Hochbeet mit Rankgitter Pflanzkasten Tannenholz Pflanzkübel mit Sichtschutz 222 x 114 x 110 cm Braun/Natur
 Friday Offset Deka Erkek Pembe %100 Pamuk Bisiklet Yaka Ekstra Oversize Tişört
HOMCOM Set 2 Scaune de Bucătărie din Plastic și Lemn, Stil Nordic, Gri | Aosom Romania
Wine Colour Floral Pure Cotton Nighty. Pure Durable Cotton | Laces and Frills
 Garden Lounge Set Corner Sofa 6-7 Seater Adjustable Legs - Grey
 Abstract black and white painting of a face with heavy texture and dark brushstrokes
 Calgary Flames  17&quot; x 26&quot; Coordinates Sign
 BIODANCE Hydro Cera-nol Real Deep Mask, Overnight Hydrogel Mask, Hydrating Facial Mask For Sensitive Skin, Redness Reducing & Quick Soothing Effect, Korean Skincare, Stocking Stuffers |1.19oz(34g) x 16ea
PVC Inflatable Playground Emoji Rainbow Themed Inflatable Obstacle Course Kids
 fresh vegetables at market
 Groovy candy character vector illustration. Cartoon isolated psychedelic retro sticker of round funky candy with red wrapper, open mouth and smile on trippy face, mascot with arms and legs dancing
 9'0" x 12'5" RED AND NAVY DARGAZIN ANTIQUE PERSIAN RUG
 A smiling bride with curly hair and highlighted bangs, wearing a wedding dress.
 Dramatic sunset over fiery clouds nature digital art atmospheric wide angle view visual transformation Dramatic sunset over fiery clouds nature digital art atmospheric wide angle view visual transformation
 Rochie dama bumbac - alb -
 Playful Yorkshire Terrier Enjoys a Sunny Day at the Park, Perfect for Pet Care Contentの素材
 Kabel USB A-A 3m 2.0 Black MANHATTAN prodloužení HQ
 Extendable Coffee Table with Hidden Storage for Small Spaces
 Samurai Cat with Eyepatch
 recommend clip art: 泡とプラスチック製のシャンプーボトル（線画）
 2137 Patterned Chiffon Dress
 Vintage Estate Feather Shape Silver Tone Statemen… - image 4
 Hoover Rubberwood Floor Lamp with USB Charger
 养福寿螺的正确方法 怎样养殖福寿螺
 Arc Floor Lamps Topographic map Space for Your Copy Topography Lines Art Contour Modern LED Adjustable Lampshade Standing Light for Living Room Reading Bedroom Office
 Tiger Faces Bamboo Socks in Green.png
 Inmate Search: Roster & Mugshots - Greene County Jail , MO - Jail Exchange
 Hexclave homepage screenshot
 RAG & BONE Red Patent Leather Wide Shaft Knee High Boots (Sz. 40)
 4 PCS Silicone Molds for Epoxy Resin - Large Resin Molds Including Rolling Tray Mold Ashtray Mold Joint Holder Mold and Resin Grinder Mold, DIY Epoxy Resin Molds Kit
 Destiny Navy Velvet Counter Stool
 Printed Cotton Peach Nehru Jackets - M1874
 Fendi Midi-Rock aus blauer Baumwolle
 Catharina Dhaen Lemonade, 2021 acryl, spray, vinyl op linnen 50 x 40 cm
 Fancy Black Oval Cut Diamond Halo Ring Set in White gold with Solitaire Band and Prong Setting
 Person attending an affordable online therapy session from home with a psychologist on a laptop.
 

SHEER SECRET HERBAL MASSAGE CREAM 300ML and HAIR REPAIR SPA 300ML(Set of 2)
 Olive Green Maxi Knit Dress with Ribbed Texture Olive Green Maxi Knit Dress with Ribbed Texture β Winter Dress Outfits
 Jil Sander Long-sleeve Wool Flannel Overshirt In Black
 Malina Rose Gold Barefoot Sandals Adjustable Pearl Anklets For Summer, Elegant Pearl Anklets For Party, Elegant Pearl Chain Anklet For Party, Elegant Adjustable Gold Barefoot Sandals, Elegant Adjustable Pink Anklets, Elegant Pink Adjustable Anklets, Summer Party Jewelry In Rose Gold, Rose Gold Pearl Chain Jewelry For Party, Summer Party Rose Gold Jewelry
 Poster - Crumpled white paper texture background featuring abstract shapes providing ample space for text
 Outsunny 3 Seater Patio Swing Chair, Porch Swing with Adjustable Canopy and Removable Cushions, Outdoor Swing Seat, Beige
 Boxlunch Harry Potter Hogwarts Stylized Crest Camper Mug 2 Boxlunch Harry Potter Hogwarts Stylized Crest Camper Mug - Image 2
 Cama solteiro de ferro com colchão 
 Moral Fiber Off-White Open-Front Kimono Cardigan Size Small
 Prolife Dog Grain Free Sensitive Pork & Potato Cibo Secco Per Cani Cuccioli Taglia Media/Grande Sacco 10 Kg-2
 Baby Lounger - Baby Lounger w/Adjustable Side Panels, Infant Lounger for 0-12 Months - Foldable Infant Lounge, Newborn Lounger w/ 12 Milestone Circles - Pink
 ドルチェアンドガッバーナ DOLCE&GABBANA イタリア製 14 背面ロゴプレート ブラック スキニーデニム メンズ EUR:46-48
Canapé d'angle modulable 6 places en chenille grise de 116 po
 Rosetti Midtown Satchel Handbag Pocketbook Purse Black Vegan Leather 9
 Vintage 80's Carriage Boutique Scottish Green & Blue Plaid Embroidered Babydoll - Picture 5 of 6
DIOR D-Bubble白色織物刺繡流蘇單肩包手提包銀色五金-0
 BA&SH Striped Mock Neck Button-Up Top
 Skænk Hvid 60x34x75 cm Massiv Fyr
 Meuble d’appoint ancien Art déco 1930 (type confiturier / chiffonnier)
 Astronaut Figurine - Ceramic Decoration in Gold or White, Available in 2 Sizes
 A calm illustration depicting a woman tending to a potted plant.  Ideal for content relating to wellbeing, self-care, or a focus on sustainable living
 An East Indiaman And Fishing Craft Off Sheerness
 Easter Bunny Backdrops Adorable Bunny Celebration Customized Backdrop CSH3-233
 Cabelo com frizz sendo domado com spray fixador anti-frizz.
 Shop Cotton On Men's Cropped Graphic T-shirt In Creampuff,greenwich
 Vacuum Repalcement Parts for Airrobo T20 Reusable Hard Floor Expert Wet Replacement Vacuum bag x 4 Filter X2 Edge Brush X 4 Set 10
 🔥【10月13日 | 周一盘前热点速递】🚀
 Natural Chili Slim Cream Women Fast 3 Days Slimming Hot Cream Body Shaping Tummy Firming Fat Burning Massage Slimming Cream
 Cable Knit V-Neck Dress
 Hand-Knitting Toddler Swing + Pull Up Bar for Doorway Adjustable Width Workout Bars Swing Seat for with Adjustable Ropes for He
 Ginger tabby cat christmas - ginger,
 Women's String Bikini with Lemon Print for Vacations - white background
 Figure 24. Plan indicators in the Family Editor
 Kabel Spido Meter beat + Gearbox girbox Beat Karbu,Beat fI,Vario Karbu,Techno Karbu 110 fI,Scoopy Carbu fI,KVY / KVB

• What you will do
The data given before this task must be transcribed exactly and in full.

• Answer to the exercise
Hochbeet mit Rankgitter Pflanzkasten Tannenholz Pflanzkübel mit Sichtschutz 222 x 114 x 110 cm Braun/Natur
 Friday Offset Deka Erkek Pembe %100 Pamuk Bisiklet Yaka Ekstra Oversize Tişört
HOMCOM Set 2 Scaune de Bucătărie din Plastic și Lemn, Stil Nordic, Gri | Aosom Romania
Wine Colour Floral Pure Cotton Nighty. Pure Durable Cotton | Laces and Frills
 Garden Lounge Set Corner Sofa 6-7 Seater Adjustable Legs - Grey
 Abstract black and white painting of a face with heavy texture and dark brushstrokes
 Calgary Flames  17&quot; x 26&quot; Coordinates Sign
 BIODANCE Hydro Cera-nol Real Deep Mask, Overnight Hydrogel Mask, Hydrating Facial Mask For Sensitive Skin, Redness Reducing & Quick Soothing Effect, Korean Skincare, Stocking Stuffers |1.19oz(34g) x 16ea
PVC Inflatable Playground Emoji Rainbow Themed Inflatable Obstacle Course Kids
 fresh vegetables at market
 Groovy candy character vector illustration. Cartoon isolated psychedelic retro sticker of round funky candy with red wrapper, open mouth and smile on trippy face, mascot with arms and legs dancing
 9'0" x 12'5" RED AND NAVY DARGAZIN ANTIQUE PERSIAN RUG
 A smiling bride with curly hair and highlighted bangs, wearing a wedding dress.
 Dramatic sunset over fiery clouds nature digital art atmospheric wide angle view visual transformation Dramatic sunset over fiery clouds nature digital art atmospheric wide angle view visual transformation
 Rochie dama bumbac - alb -
 Playful Yorkshire Terrier Enjoys a Sunny Day at the Park, Perfect for Pet Care Contentの素材
 Kabel USB A-A 3m 2.0 Black MANHATTAN prodloužení HQ
 Extendable Coffee Table with Hidden Storage for Small Spaces
 Samurai Cat with Eyepatch
 recommend clip art: 泡とプラスチック製のシャンプーボトル（線画）
 2137 Patterned Chiffon Dress
 Vintage Estate Feather Shape Silver Tone Statemen… - image 4
 Hoover Rubberwood Floor Lamp with USB Charger
 养福寿螺的正确方法 怎样养殖福寿螺
 Arc Floor Lamps Topographic map Space for Your Copy Topography Lines Art Contour Modern LED Adjustable Lampshade Standing Light for Living Room Reading Bedroom Office
 Tiger Faces Bamboo Socks in Green.png
 Inmate Search: Roster & Mugshots - Greene County Jail , MO - Jail Exchange
 Hexclave homepage screenshot
 RAG & BONE Red Patent Leather Wide Shaft Knee High Boots (Sz. 40)
 4 PCS Silicone Molds for Epoxy Resin - Large Resin Molds Including Rolling Tray Mold Ashtray Mold Joint Holder Mold and Resin Grinder Mold, DIY Epoxy Resin Molds Kit
 Destiny Navy Velvet Counter Stool
 Printed Cotton Peach Nehru Jackets - M1874
 Fendi Midi-Rock aus blauer Baumwolle
 Catharina Dhaen Lemonade, 2021 acryl, spray, vinyl op linnen 50 x 40 cm
 Fancy Black Oval Cut Diamond Halo Ring Set in White gold with Solitaire Band and Prong Setting
 Person attending an affordable online therapy session from home with a psychologist on a laptop.
 

SHEER SECRET HERBAL MASSAGE CREAM 300ML and HAIR REPAIR SPA 300ML(Set of 2)
 Olive Green Maxi Knit Dress with Ribbed Texture Olive Green Maxi Knit Dress with Ribbed Texture β Winter Dress Outfits
 Jil Sander Long-sleeve Wool Flannel Overshirt In Black
 Malina Rose Gold Barefoot Sandals Adjustable Pearl Anklets For Summer, Elegant Pearl Anklets For Party, Elegant Pearl Chain Anklet For Party, Elegant Adjustable Gold Barefoot Sandals, Elegant Adjustable Pink Anklets, Elegant Pink Adjustable Anklets, Summer Party Jewelry In Rose Gold, Rose Gold Pearl Chain Jewelry For Party, Summer Party Rose Gold Jewelry
 Poster - Crumpled white paper texture background featuring abstract shapes providing ample space for text
 Outsunny 3 Seater Patio Swing Chair, Porch Swing with Adjustable Canopy and Removable Cushions, Outdoor Swing Seat, Beige
 Boxlunch Harry Potter Hogwarts Stylized Crest Camper Mug 2 Boxlunch Harry Potter Hogwarts Stylized Crest Camper Mug - Image 2
 Cama solteiro de ferro com colchão 
 Moral Fiber Off-White Open-Front Kimono Cardigan Size Small
 Prolife Dog Grain Free Sensitive Pork & Potato Cibo Secco Per Cani Cuccioli Taglia Media/Grande Sacco 10 Kg-2
 Baby Lounger - Baby Lounger w/Adjustable Side Panels, Infant Lounger for 0-12 Months - Foldable Infant Lounge, Newborn Lounger w/ 12 Milestone Circles - Pink
 ドルチェアンドガッバーナ DOLCE&GABBANA イタリア製 14 背面ロゴプレート ブラック スキニーデニム メンズ EUR:46-48
Canapé d'angle modulable 6 places en chenille grise de 116 po
 Rosetti Midtown Satchel Handbag Pocketbook Purse Black Vegan Leather 9
 Vintage 80's Carriage Boutique Scottish Green & Blue Plaid Embroidered Babydoll - Picture 5 of 6
DIOR D-Bubble白色織物刺繡流蘇單肩包手提包銀色五金-0
 BA&SH Striped Mock Neck Button-Up Top
 Skænk Hvid 60x34x75 cm Massiv Fyr
 Meuble d’appoint ancien Art déco 1930 (type confiturier / chiffonnier)
 Astronaut Figurine - Ceramic Decoration in Gold or White, Available in 2 Sizes
 A calm illustration depicting a woman tending to a potted plant.  Ideal for content relating to wellbeing, self-care, or a focus on sustainable living
 An East Indiaman And Fishing Craft Off Sheerness
 Easter Bunny Backdrops Adorable Bunny Celebration Customized Backdrop CSH3-233
 Cabelo com frizz sendo domado com spray fixador anti-frizz.
 Shop Cotton On Men's Cropped Graphic T-shirt In Creampuff,greenwich
 Vacuum Repalcement Parts for Airrobo T20 Reusable Hard Floor Expert Wet Replacement Vacuum bag x 4 Filter X2 Edge Brush X 4 Set 10
 🔥【10月13日 | 周一盘前热点速递】🚀
 Natural Chili Slim Cream Women Fast 3 Days Slimming Hot Cream Body Shaping Tummy Firming Fat Burning Massage Slimming Cream
 Cable Knit V-Neck Dress
 Hand-Knitting Toddler Swing + Pull Up Bar for Doorway Adjustable Width Workout Bars Swing Seat for with Adjustable Ropes for He
 Ginger tabby cat christmas - ginger,
 Women's String Bikini with Lemon Print for Vacations - white background
 Figure 24. Plan indicators in the Family Editor
 Kabel Spido Meter beat + Gearbox girbox Beat Karbu,Beat fI,Vario Karbu,Techno Karbu 110 fI,Scoopy Carbu fI,KVY / KVB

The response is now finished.